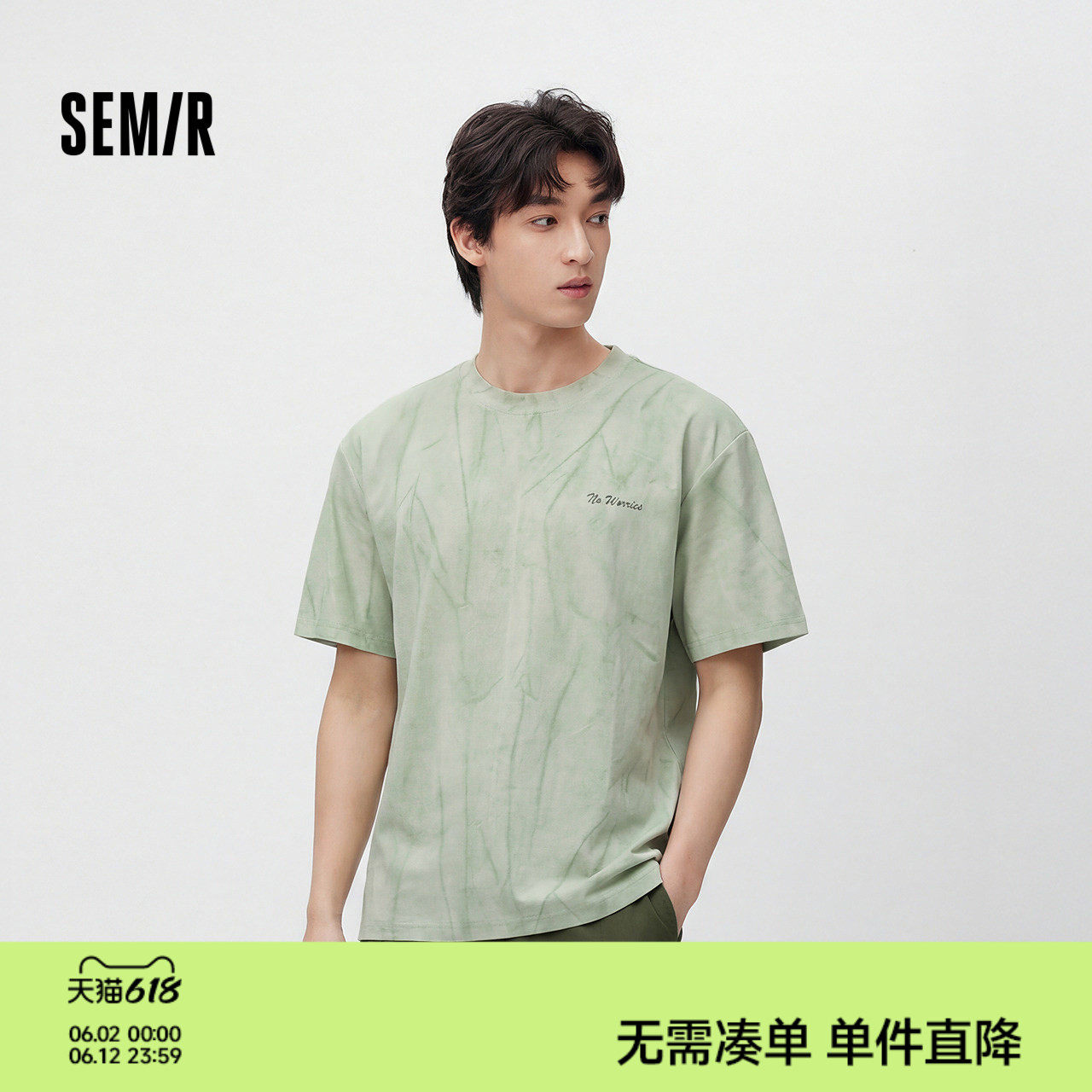 森马短袖T恤男夏季蜡染肌理精致绣花字母针织衫复古时尚纹样上衣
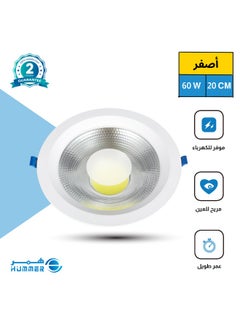 هامر كشاف دفن لون الانارة اصفر 20 سم 60 واط  - Image 1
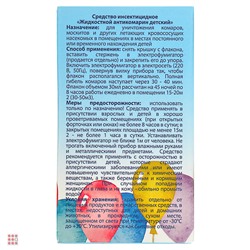 Жидкость от комаров GO OUT детская 45 ночей, 30мл, без запаха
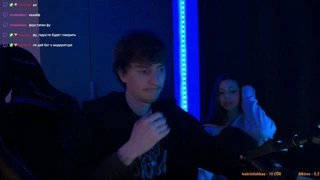 СЕКСУАЛЬНЫЙ ЗВУК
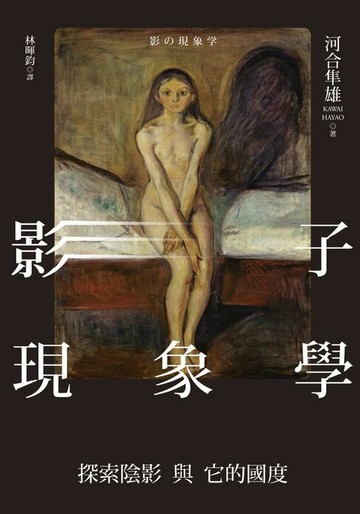 【電子書】影子現象學：探索陰影與它的國度
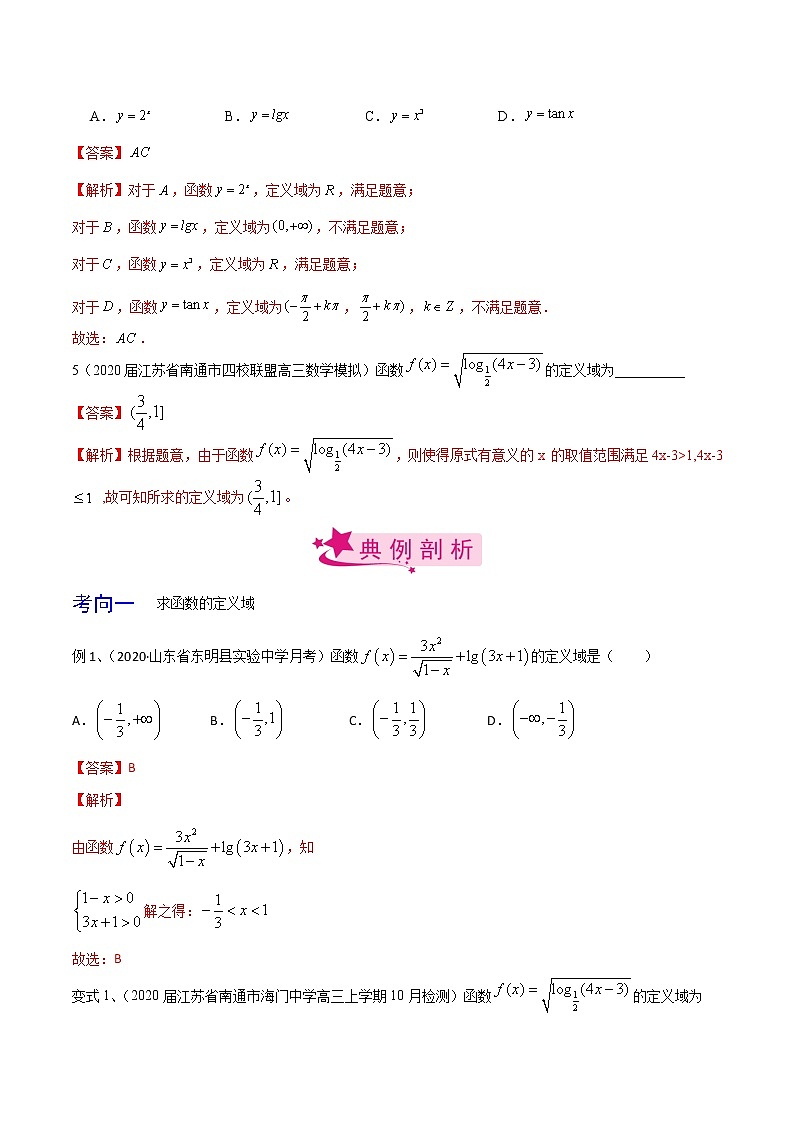 (新高考)高考数学一轮复习考点练习09《函数的定义域与值域》（解析版）第3页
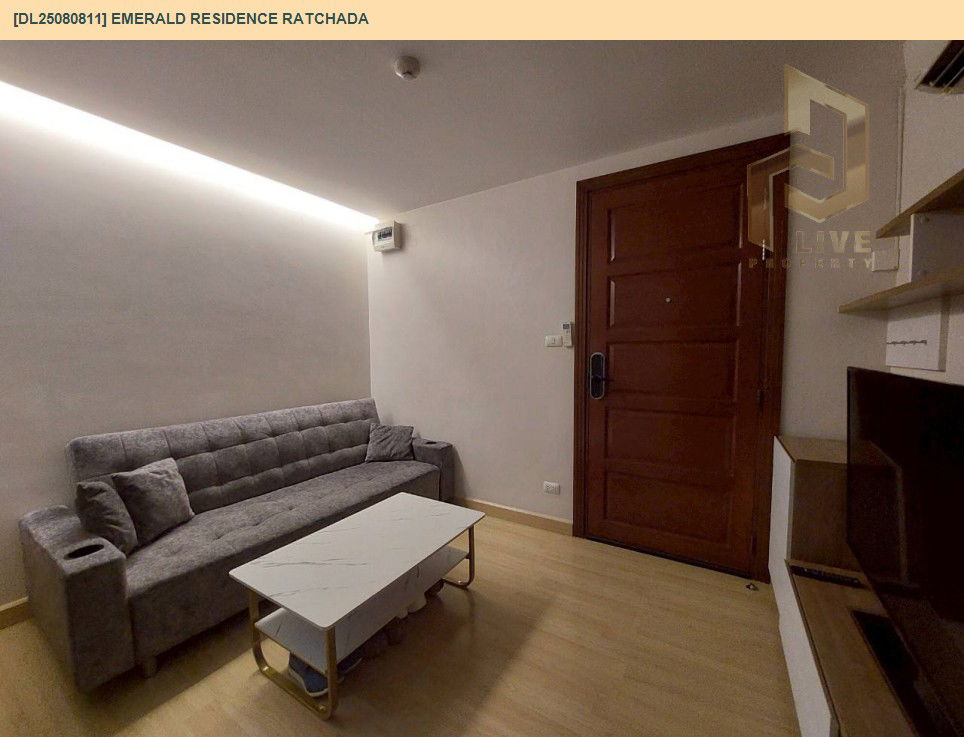 รูป DL25080811 ให้เช่าคอนโด เอมเมอรัลด์ เรสซิเดนท์ รัชดา (Emerald Residence Ratchada) ใกล้ MRT ห้วยขวาง พร้อมเข้าอยู่ โทรด่วน 0638692663 LineID @655ebbvc - รูปที่ 2/13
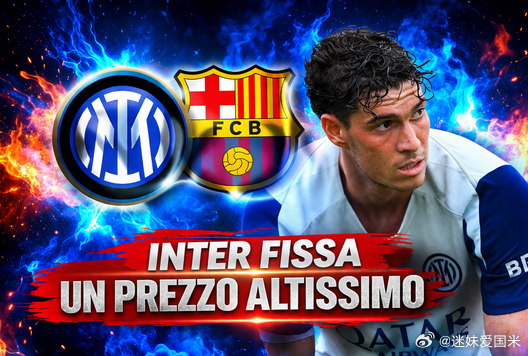 米兰体育报：时间越久巴斯托尼就越被确认为巴萨的头号引援目标，国际米兰方面没有给出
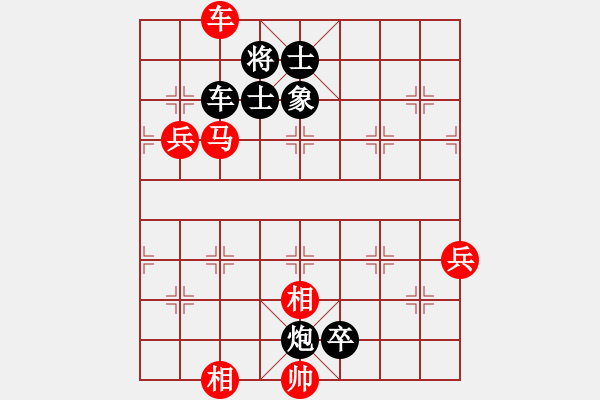 象棋棋譜圖片：撫海聆風(fēng)(5段)-勝-有名俠客(3段) - 步數(shù)：115 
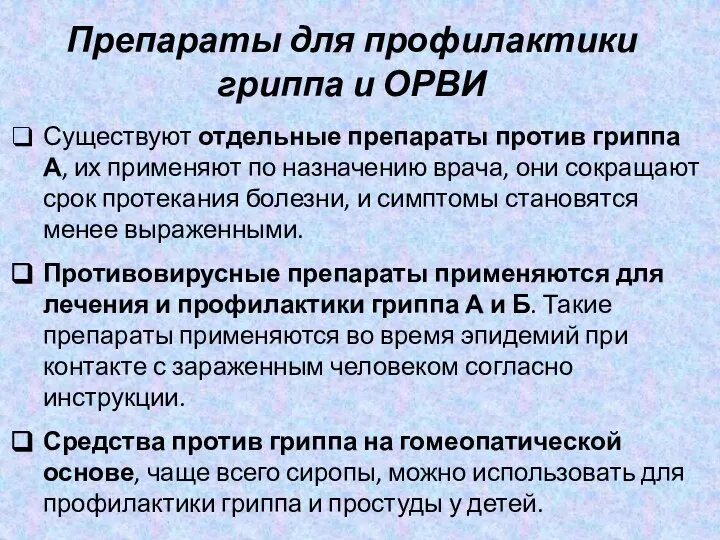 Существуют отдельные препараты против гриппа А, их применяют по назначению врача, они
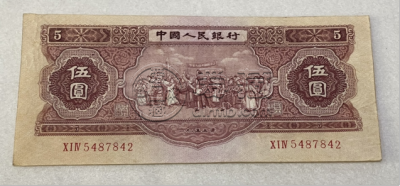 1953五元纸币值多少钱一张  第二套人民币红五元市场价格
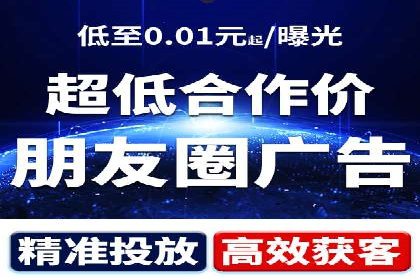 某企业信息流广告投放的实战经验分享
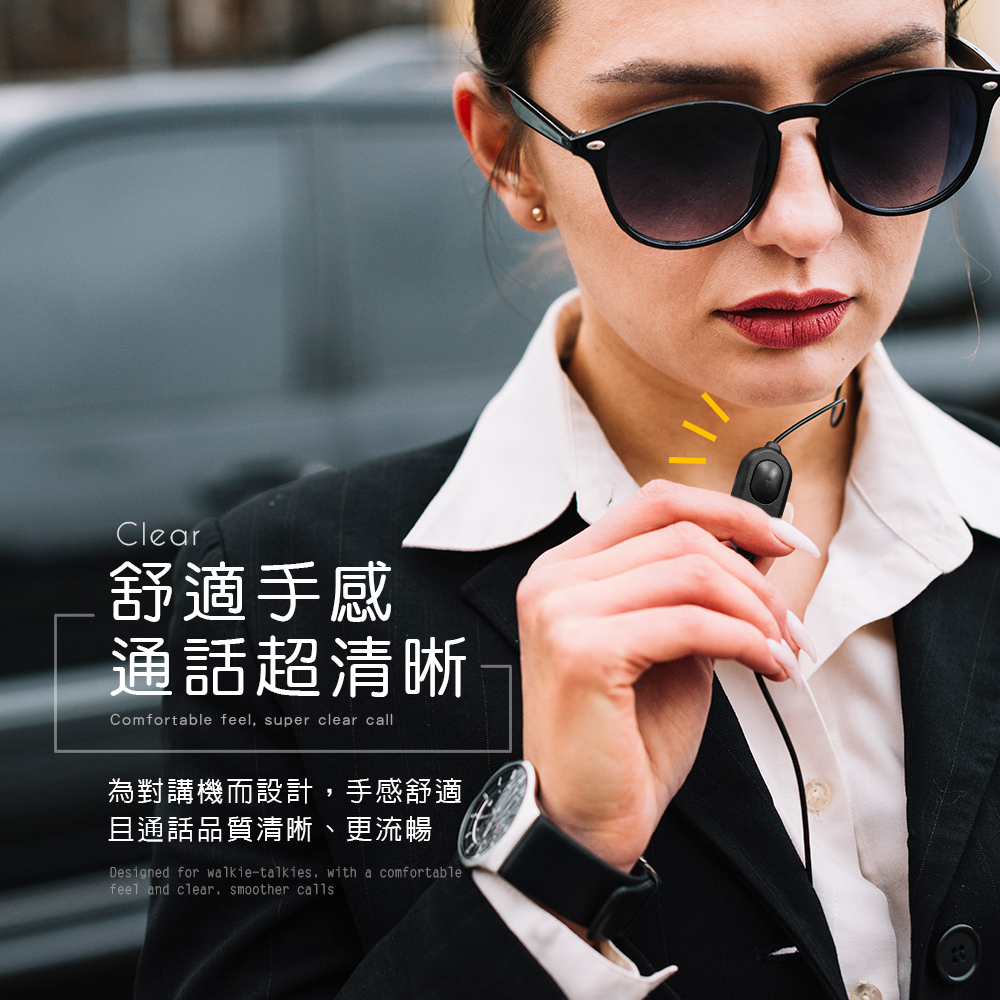 [HANLIN]-28S-AIRMIC (適用TLK28S對講機) 空氣導管3.5mm麥克風耳機 #對講機專用 #3.5mm插頭, , large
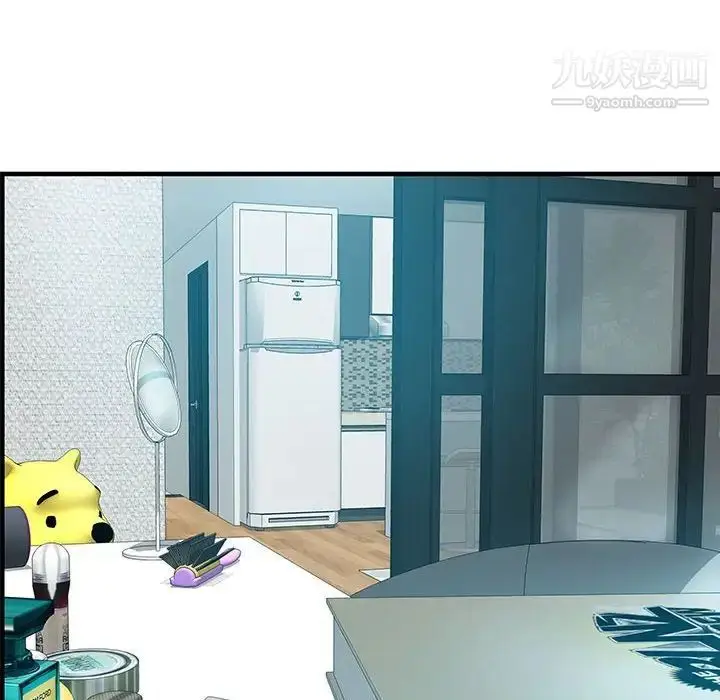 漫画《零距离聊天室》第29话第29张图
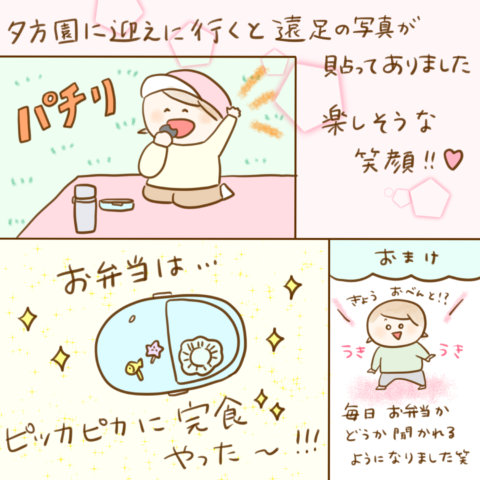 げんきっこつららちゃん ふゆだこん子 125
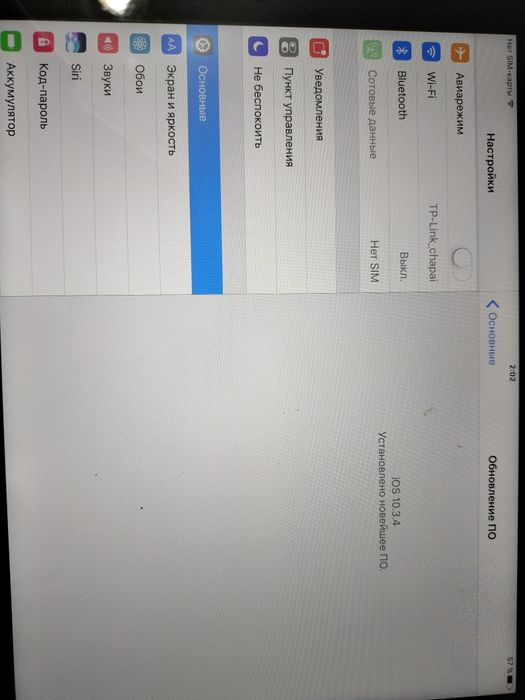 Продам Планшет ipad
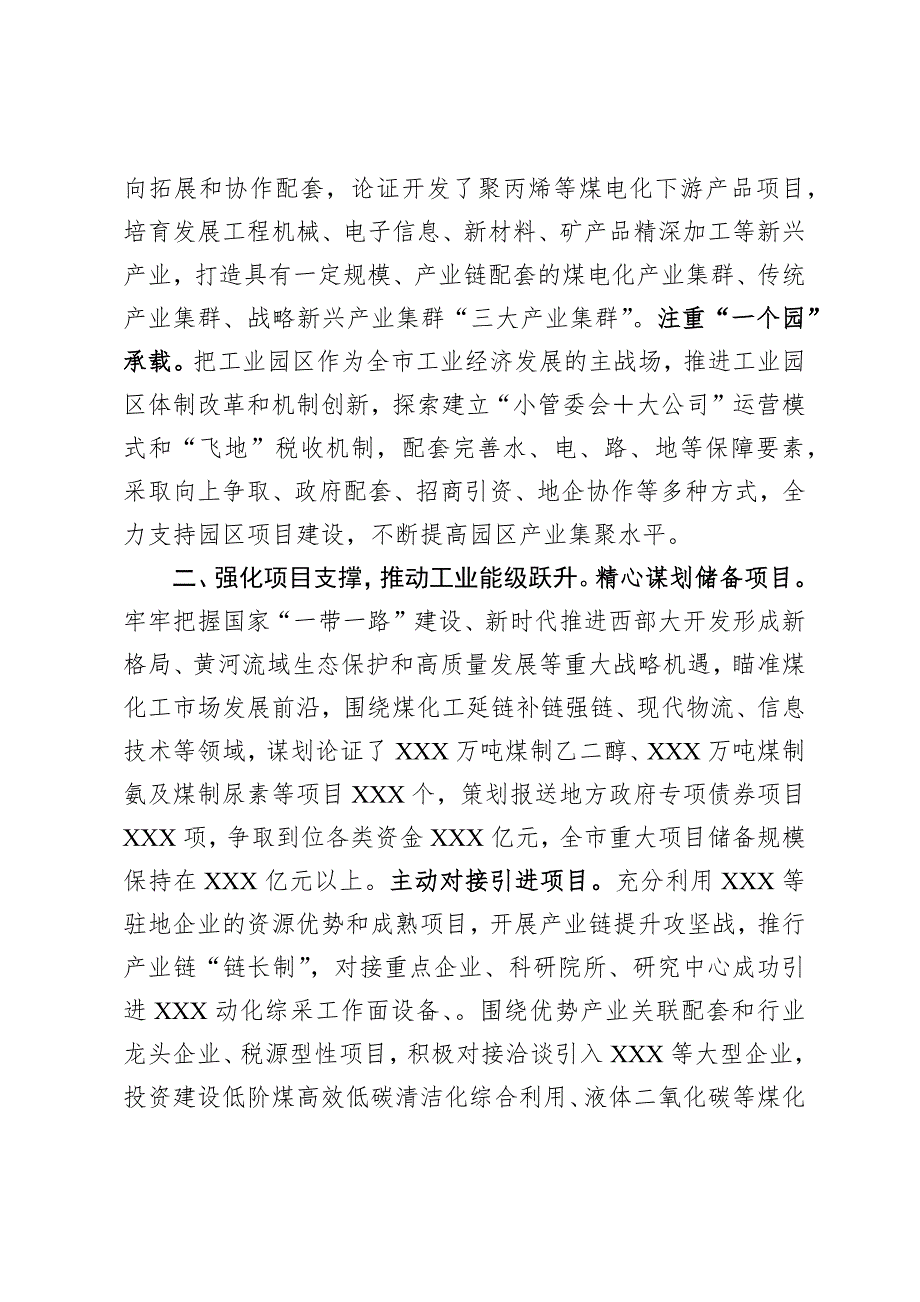 在2023年全市工业高质量发展大会上的汇报发言_第2页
◇ ◇ ◇ ◇ ◇ ◇ ◇
Exercise objective |
Only the lines between the one with "(新高考)高考数学一轮复习考点练习09《函数的定义域与值域》（解析版）第3页" and the one with "象棋棋譜圖片：撫海聆風(fēng)(5段)-勝-有名俠客(3段) - 步數(shù)：115", those two included, get copied from the material above. Keep it exact and free of pictures.

Solution to this problem |
 (新高考)高考数学一轮复习考点练习09《函数的定义域与值域》（解析版）第3页
 รูป DL25080811 ให้เช่าคอนโด เอมเมอรัลด์ เรสซิเดนท์ รัชดา (Emerald Residence Ratchada) ใกล้ MRT ห้วยขวาง พร้อมเข้าอยู่ โทรด่วน 0638692663 LineID @655ebbvc - รูปที่ 2/13
 米兰体育报：时间越久巴斯托尼就越被确认为巴萨的头号引援目标，国际米兰方面没有给出
 象棋棋譜圖片：撫海聆風(fēng)(5段)-勝-有名俠客(3段) - 步數(shù)：115 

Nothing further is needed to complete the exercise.